TT recently sat down with Chanaka Liyanaarachchi, who teaches the course, to discuss the class and why he feels his students need this experience.

Can you describe the students’ project?

Chanaka: The project was part of a series of Computing for Finance courses taught in the Financial Mathematics Program at the University of Chicago. Working in groups, students wrote an electronic trading program using a trading algorithm of their choice. They used FIX to gather market data and to send out messages related to orders to TT’s Developer Environment.

What was the objective of this project?

Chanaka: My main objective was to provide the students with both an interesting and relevant project that would allow them to practice the programming skills they learned in the Computing for Finance series, which emphasizes project-based learning.

Were there any other goals of the project?

Chanaka: One of my secondary goals was to introduce the FIX protocol to the students. Now that electronic trading has all but eclipsed the other forms of trading, and because FIX is an industry standard in electronic trading, it is a good tool for any financial engineer to be familiar with.

Additionally, it gave the students a chance to use a “real” professional trading platform, along with the opportunity to learn about a variety of products offered by different exchanges. And, finally, the students learned how to successfully complete a software project as a group.

Were these objectives met?

Chanaka: Based on the feedback I’ve received so far, it would seem that the set objectives were successfully met! The students practiced programming skills, and used concepts they learned in other Financial Mathematics courses to design and analyze trading algorithms, price instruments, etc.

Why did you use FIX; why not TT’s proprietary API?

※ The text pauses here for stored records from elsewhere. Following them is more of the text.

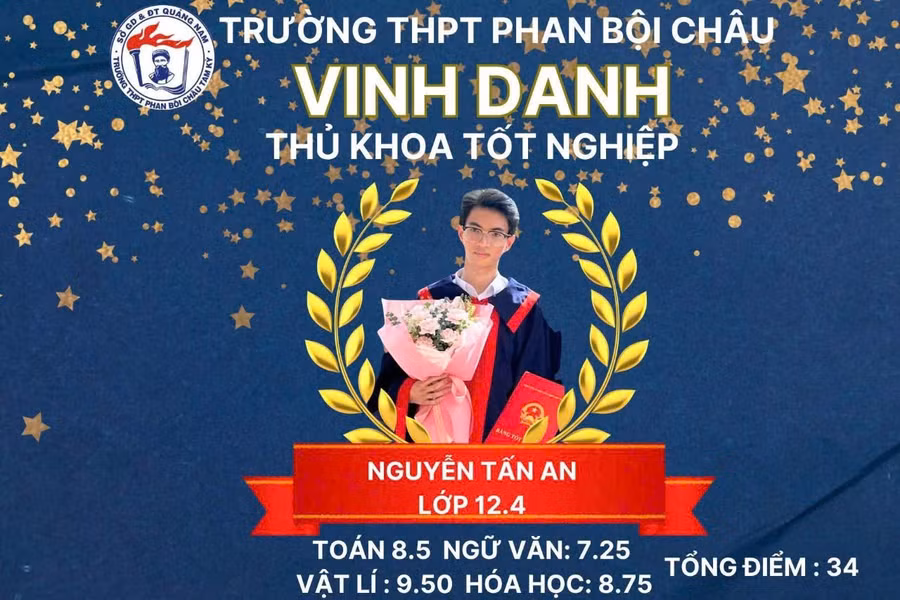 Nguyễn Tấn An được Trường THPT Phan Bội Châu (Đà Nẵng) vinh danh. 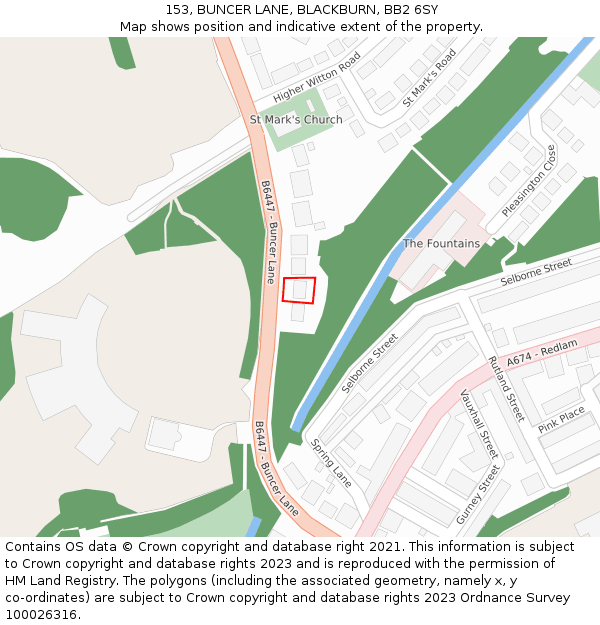 153, BUNCER LANE, BLACKBURN, BB2 6SY: Location map and indicative extent of plot
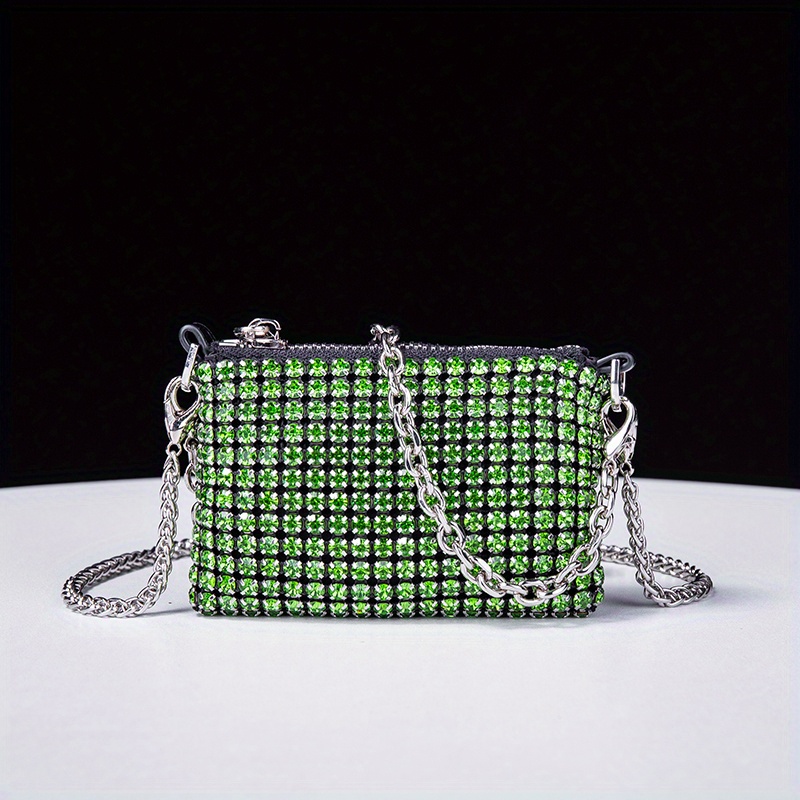 Pouch Mini Sequined Clutch in Green - Bottega Veneta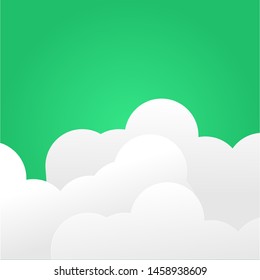 cloud image with green background. vector design
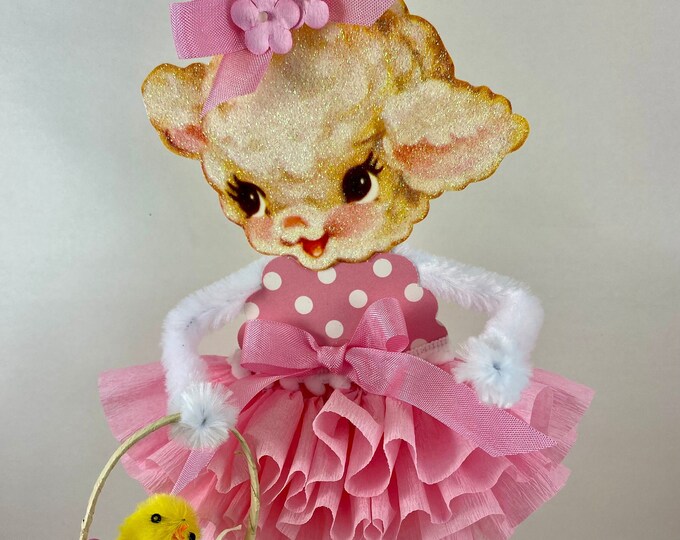 Easter Lamb Easter Decor Vintage Style Bump Chenille Figure Etsy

Chanaka: Either would have been a good choice; we could have achieved the main goals of the project by using TT’s proprietary API. Ultimately, FIX was chosen because it is an industry standard.

Why did you select TT as opposed to writing directly to exchange APIs?

Chanaka: Due to a large class size, we had to request a significant amount of resources from TT. We greatly appreciate TT’s efforts to accommodate our requests in a timely manner. From a technical point of view, the TT Developer Environment allowed the students to access different markets of their choice, and to switch between different markets with ease, due to uniform/normalized access. This is the main technical reason why we chose to go with the TT system, as opposed to directly connecting to an exchange.

Quite often our collaboration with universities results in a mutually beneficial relationship: universities benefit from our assistance with “real-world” applications while we benefit from their feedback and the students they educate. The University of Chicago has proven to be a good example of this. The best is yet to come.

Chanaka Liyanaarachchi

About Mr. Liyanaarachchi
Chanaka teaches “Computing for Finance” in the Financial Math Program at the University of Chicago. A graduate of the University of Peradeniya (Sri Lanka) in electrical engineering and Computer Science, he earned his Master’s in Computer Engineering from the University of Kansas. In addition to this, he has an MBA in Finance from DePaul University and a Master’s in Financial Math from the University of Chicago. He has been trying to improve the computing courses to teach students the necessary computing skills needed in today’s finance industry. His current interests include high-performance computing in financial applications and functional programming.